I didn’t notice it happening until I was well into the throes of his abuse. The changes from doting boyfriend to abusive boyfriend are subtle at first. The truth is, I wouldn’t have called it abuse back then. He never physically hurt me. Towards the end, I sensed that was coming though. His anger eventually lead him to throw things past my cowering body, or punch walls behind my head. I knew it would happen and somewhere in my mind I had drawn the line at that. I finally mustered the strength to break up with him. I left his stuff outside when was on a job and changed the locks. It worked for a bit. Like most people who suffer abuse of any sort, I returned to scene of the crime.
He wooed me briefly with pleas for forgiveness and showers of love and devotion.

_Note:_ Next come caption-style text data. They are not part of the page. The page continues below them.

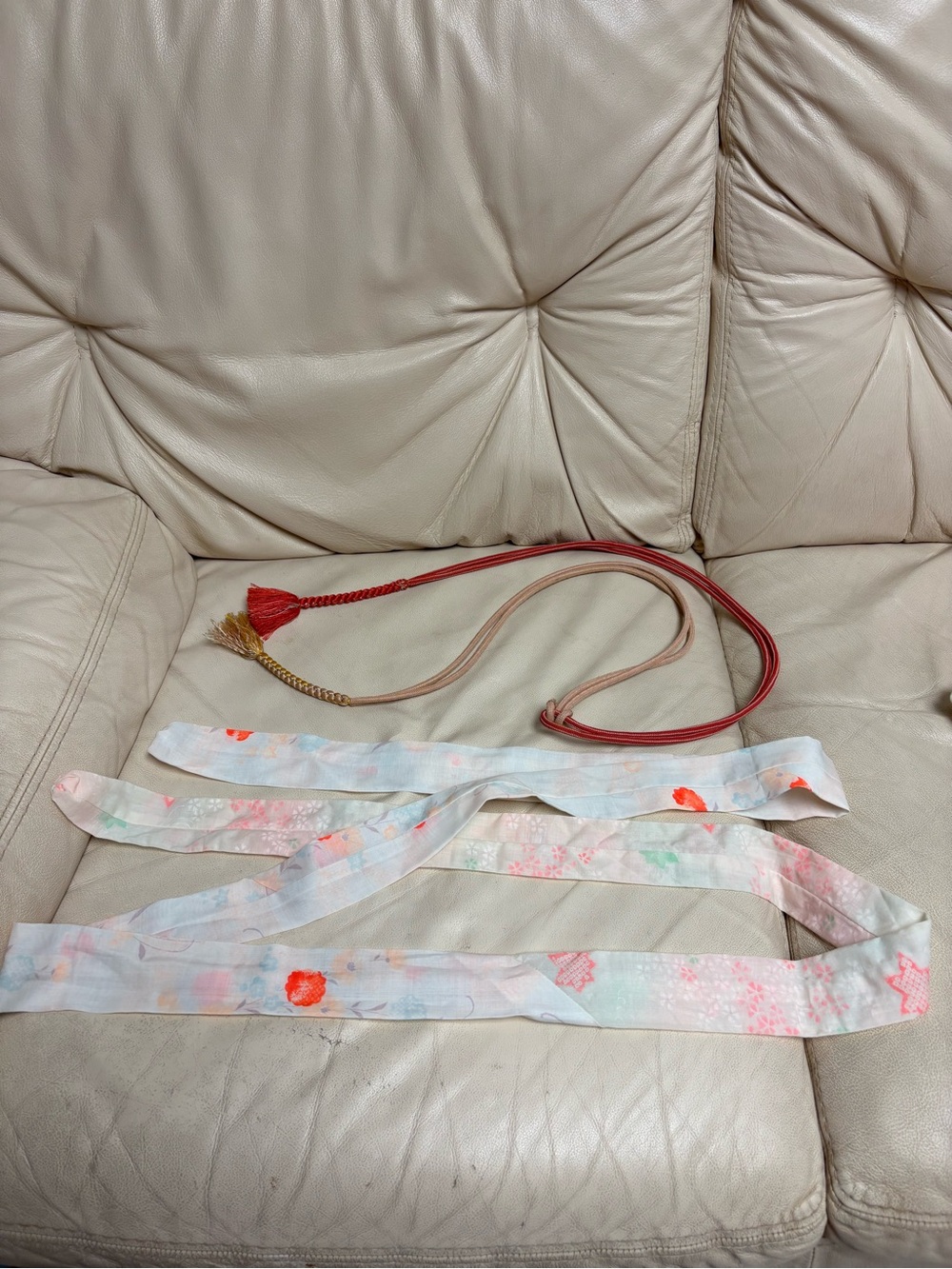 Set of 2 Obijime for Obi Belt Rope Cream Fabric Tie Pink Blue Floral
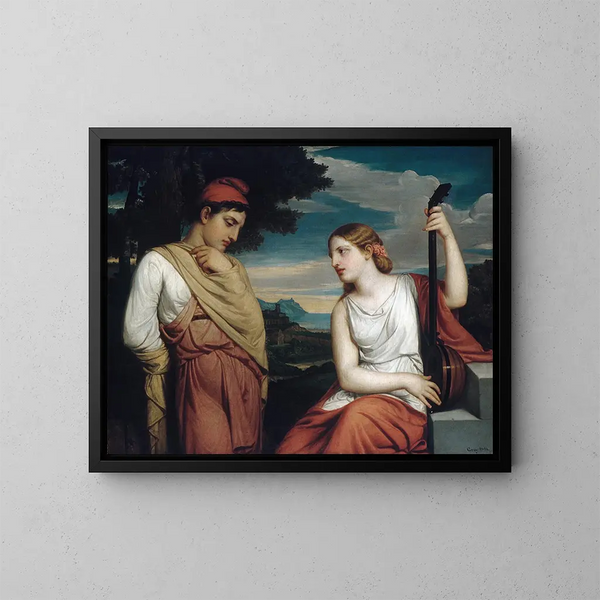 De Griekse geliefden - Henry Peters Gray — ingelijst kunstwerk aan de muur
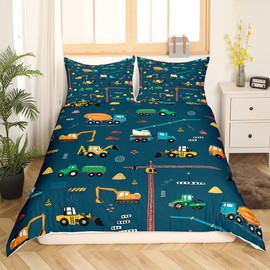 Boys Cartoon Cars Bedding Set for Girls Kids Construction Vehicles Comforter Cover Decorative Heavy Machinery Truck Duvet Cover Construction Site Bed Set Full Size 3Pcs Bedclothes (No Comforter)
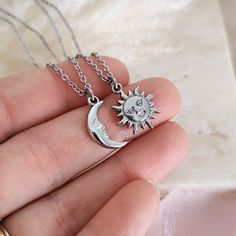 This Sun & Moon necklace set is perfect for sharing with those you love, to celebrate a love but also a deep bond of friendship. Entirely made of stainless steel to guarantee quality and durability, they are minimal, essential, discreet, suitable for wearing every day to celebrate an unbreakable bond. Upon request it is possible to engrave your names on the back of the pendants, contact me to find out more! This is the perfect gift to share with your Valentine, lover, best friend, Galentine, and the ideal couple necklaces to share with your Soulmate! DETAILS: - materials: 14k gold plated stainless steel - pendant size: 18mm SHIPPING All orders will be shipped out through DHL Express or UPS Express. Please double check the address is correct before checking out. 🌍Shipped in totally plastic Crescent Stainless Steel Necklace For Gifts, Celestial Stainless Steel Necklaces As Gift, Celestial Stainless Steel Necklace For Gifting, Celestial Stainless Steel Necklace As Gift, Celestial Stainless Steel Necklace For Gift, Celestial Style Stainless Steel Necklace For Gift, Silver Stainless Steel Couples Necklace, Couples' Silver Stainless Steel Necklaces, Stainless Steel Necklace With Moon Charm For Gift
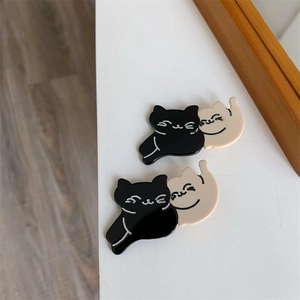 Cute black and beige cartoon cat hair clips with funny gestures for women and girls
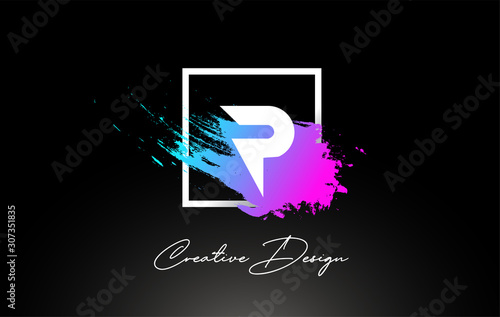 P Artistic Brush Letter Logo Design in Purple Blue Colors Vector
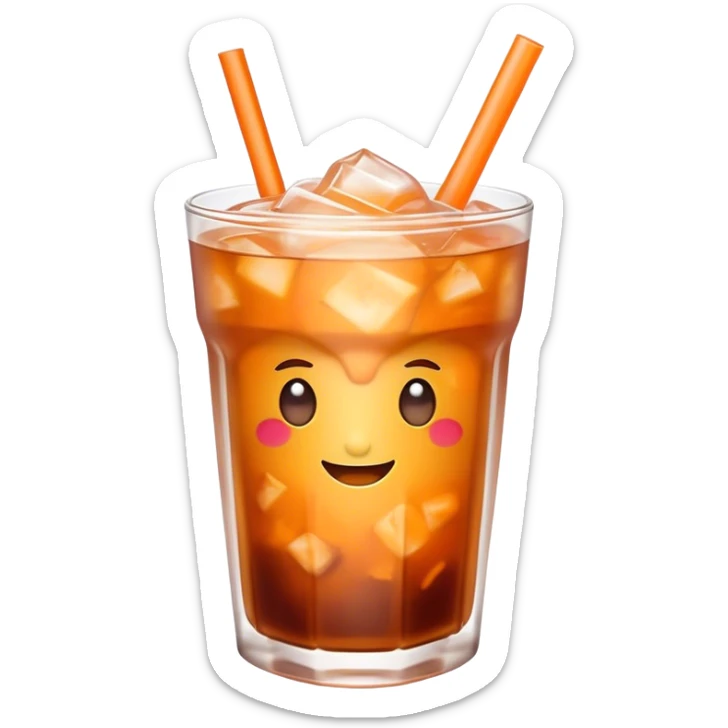 Cinematic Realistic Thai Ice Tea Drink Emoji, depicted as a chilled glass of sweet, creamy iced tea rendered with vivid textures and refreshing, dynamic lighting. sticker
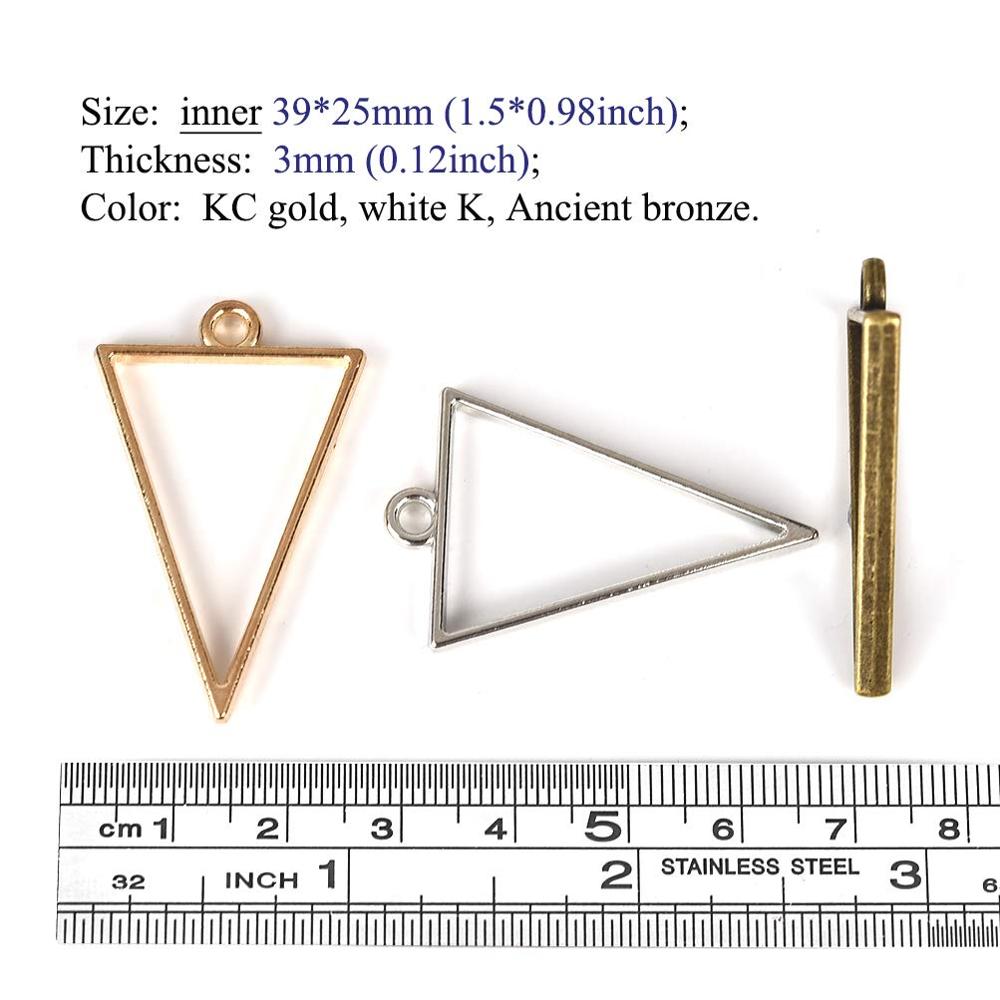 10pcs 25x39mm Triangle Open Back Bezel Hollow Blank Pendant Charm Pressed Flower Resin Blank Frames Pendants Jewelry Making DIY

We dated again for a short time, but the abusive tendencies returned (as I should have known) pretty quickly and I had the strength to end it for good. I’m proud to say that I’ve never laid on eyes on him again.

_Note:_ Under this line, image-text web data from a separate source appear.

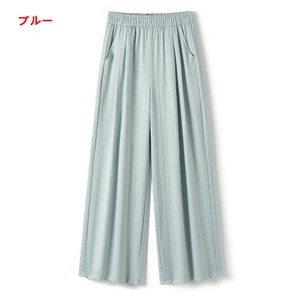 カジュアルパンツ ワイドパンツ 薄手 無地 ゆったり 快適 レディース ファッション ABQ1396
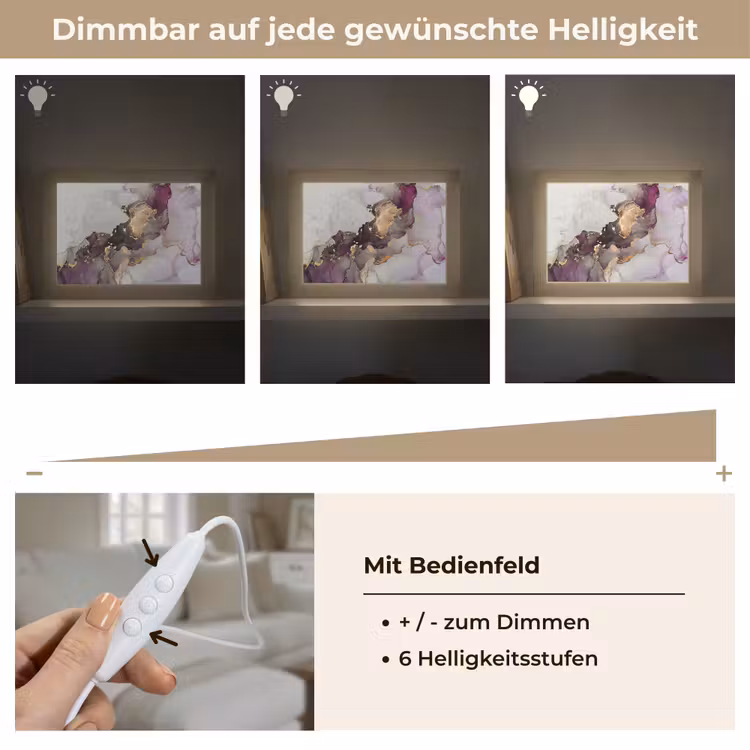 Marmer - Abstract - Goud - Paars Light Box met kabel (Tafellamp) klein -USP_dimbaarDE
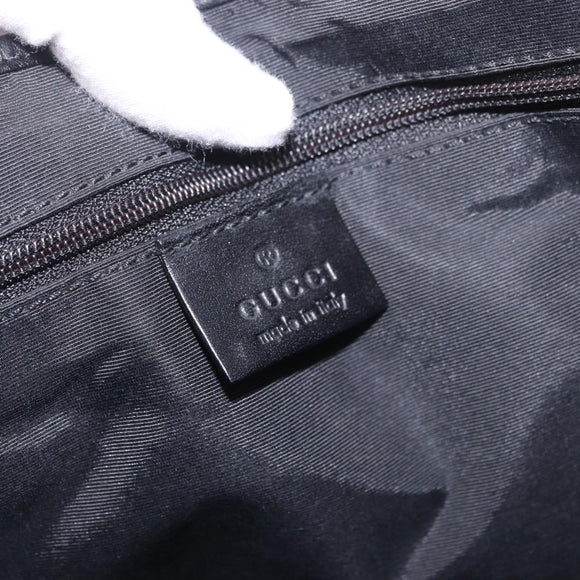 GUCCI GG Canvas Jackie Shoulder Bag Black Silver 00963 Auth 183840V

It took a lot of time for me to find myself after that. I had no idea who I was anymore outside of that relationship. Dating sounded terrifying. I needed to get to a place where I could trust myself to make good choices. I threw myself into work and built a solid career that involved a lot of international travel, both of which help me build new confidence, acceptance and value to my life. I made new friends who had nothing to do with my life with him, who helped me to see myself as a worthy, bright, cared for and caring friend. I wrote a lot to sort through how I felt about what I’d been through and tried to understand how I let it happen. I worked to get my finances straightened out and to just enjoy my life again. To breathe again.
I am blessed that this experience was just a chapter in my book of life. It wasn’t a pattern. It was an eye-opening, devastating chapter that led me to make some needed changes, to work to better understand myself and to find acceptance of myself. I’ve made a lot of strides in doing so, but I recognize that I will always be a work in progress, and that’s okay. I still falter, am occasionally reactive out of insecurity, and sometimes suffer from self-doubt, but I see it now and I make effort to be gentler and kinder to myself and to others, and try to cop to my bad behavior.
I was blessed to meet my husband when I was a much healthier self in my early thirties. We’ve been together for almost 24 years (married for almost 22). He sees me for all that I am, the good, the bad and everything in between. We each carry our own baggage, and understand that we have to work together to keep our relationship thriving. It’s worth every effort even though it does shine light on things neither of us is proud of, but in some ways that’s what keeps us both in balance, as a couple, and as individuals.